If you look at the core code in thriftpy's parser and entrypoint function, thriftpy.load (which calls thriftpy.parser.parse), you'll notice that it requires a string file path (expected to be a ".thrift" file) rather than supporting a file-like object.

Although this is OK for convenience, this is bad for a number of deployment scenarios.

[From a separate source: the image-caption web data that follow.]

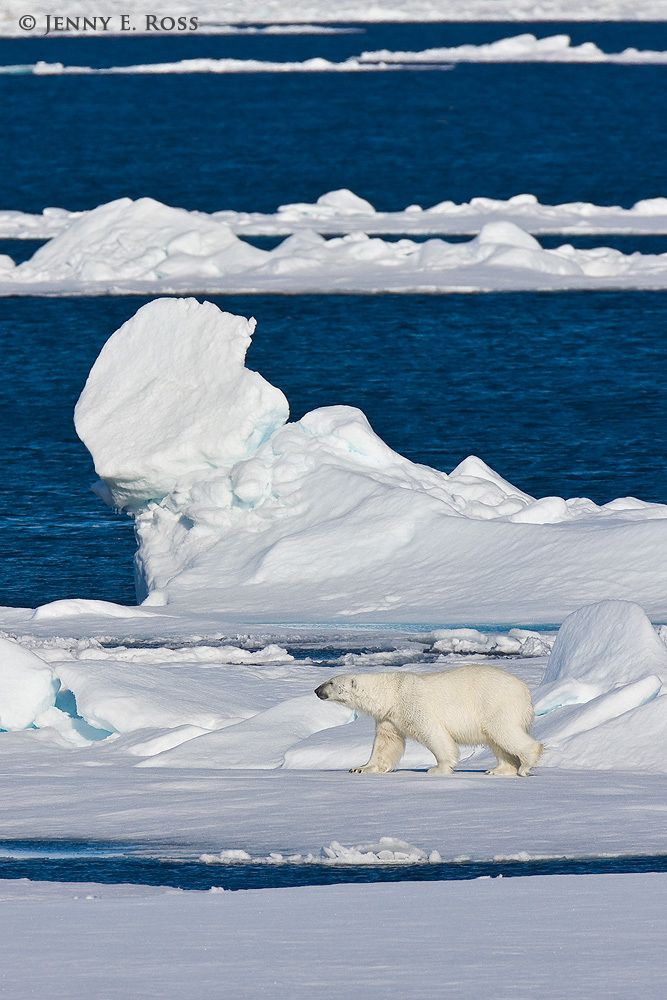Adult polar bear (Ursus maritimus) traveling on sea ice.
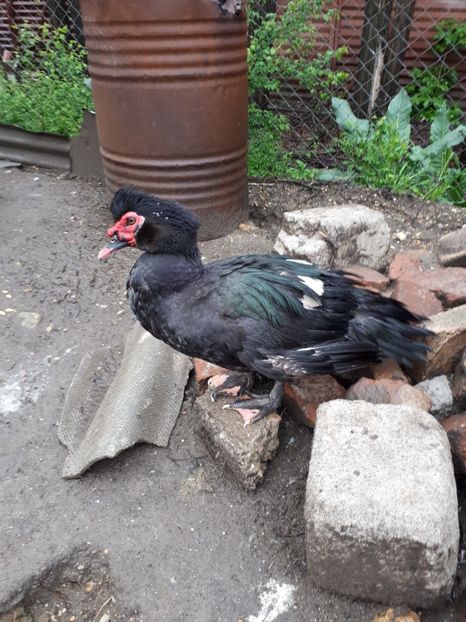  - C Rate lesesti si altele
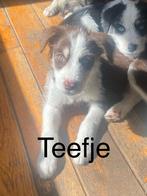Siberische husky x Labradoodle ( Huskydoodle ) pups, Dieren en Toebehoren, Rabiës (hondsdolheid), 8 tot 15 weken, Meerdere, Meerdere dieren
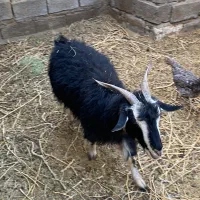 ۶ راس بز جوان گله ای ابستن دوتش دوقلو زا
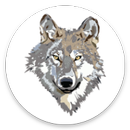 Wolf Images APK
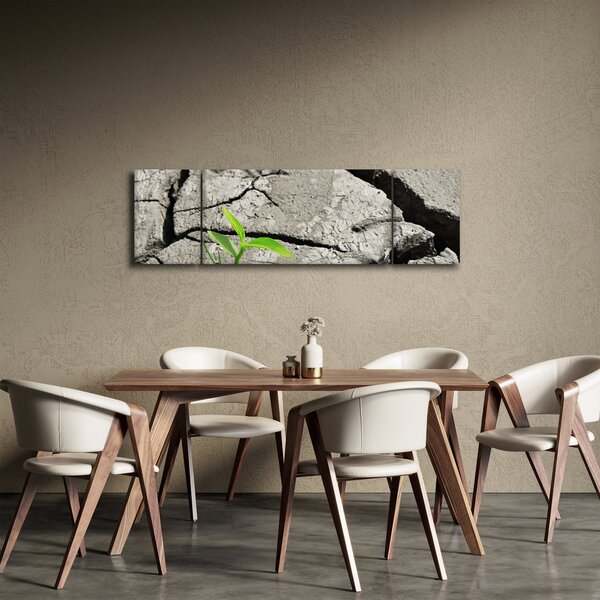 Obraz - Praskliny (170x50 cm)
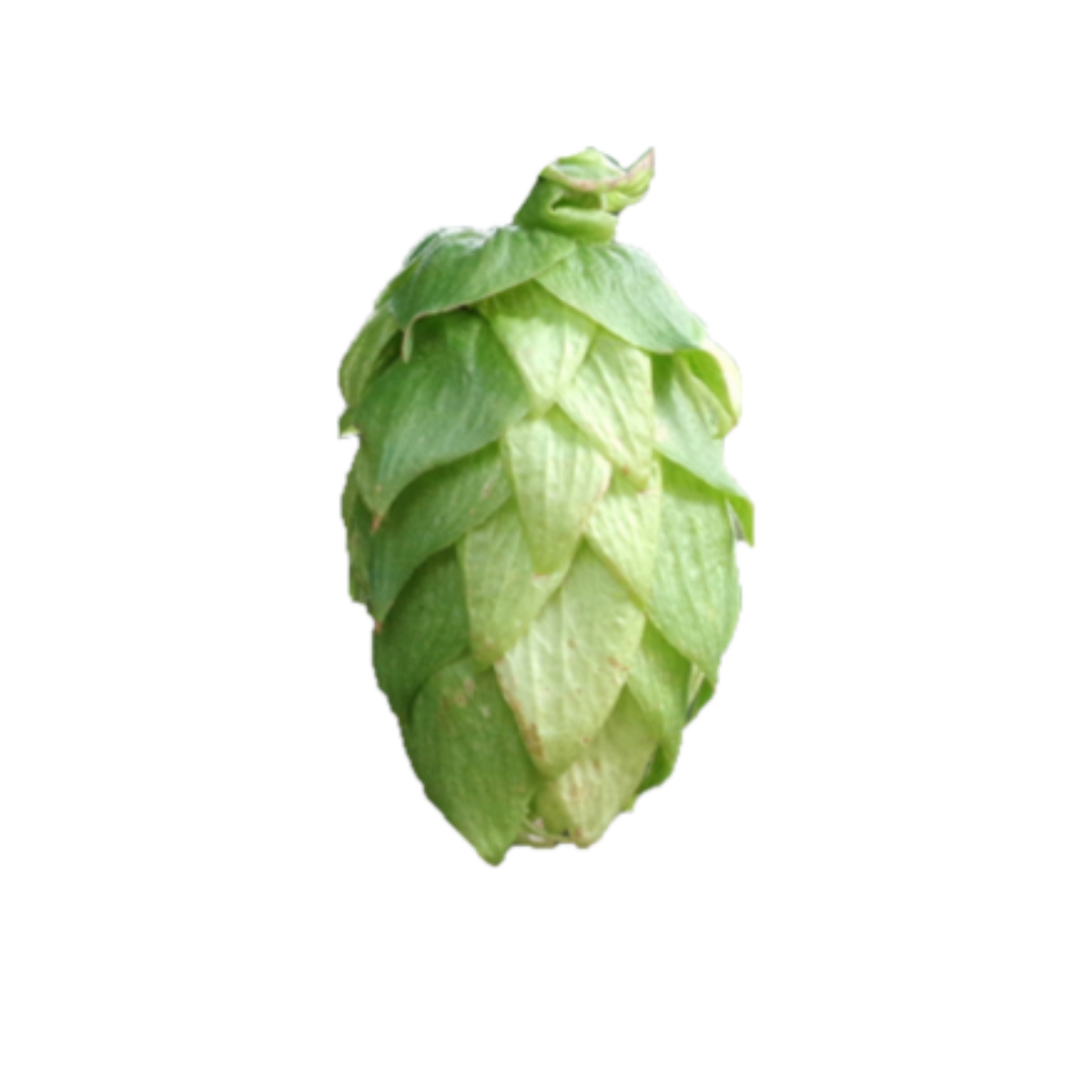Galena hops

a) if a thriftpy-dependent codebase is deployed as part of a Python egg, then it is likely the '.thrift' file will be part of the code egg; in this case, it should be accessed via the pkg_resources API, and in this case, the ideal functions to use are resource_string or resource_stream. As the pkg_resources docs say, "Instead of manipulating __file__, you simply pass a module name or package name to resource_string, resource_stream, or resource_filename, along with the name of the resource. Normally, you should try to use resource_string or resource_stream, unless you are interfacing with code you don't control (especially C code) that absolutely must have a filename. The reason is that if you ask for a filename, and your package is packed into a zipfile, then the resource must be extracted to a temporary directory, which is a more costly operation than just returning a string or file-like object."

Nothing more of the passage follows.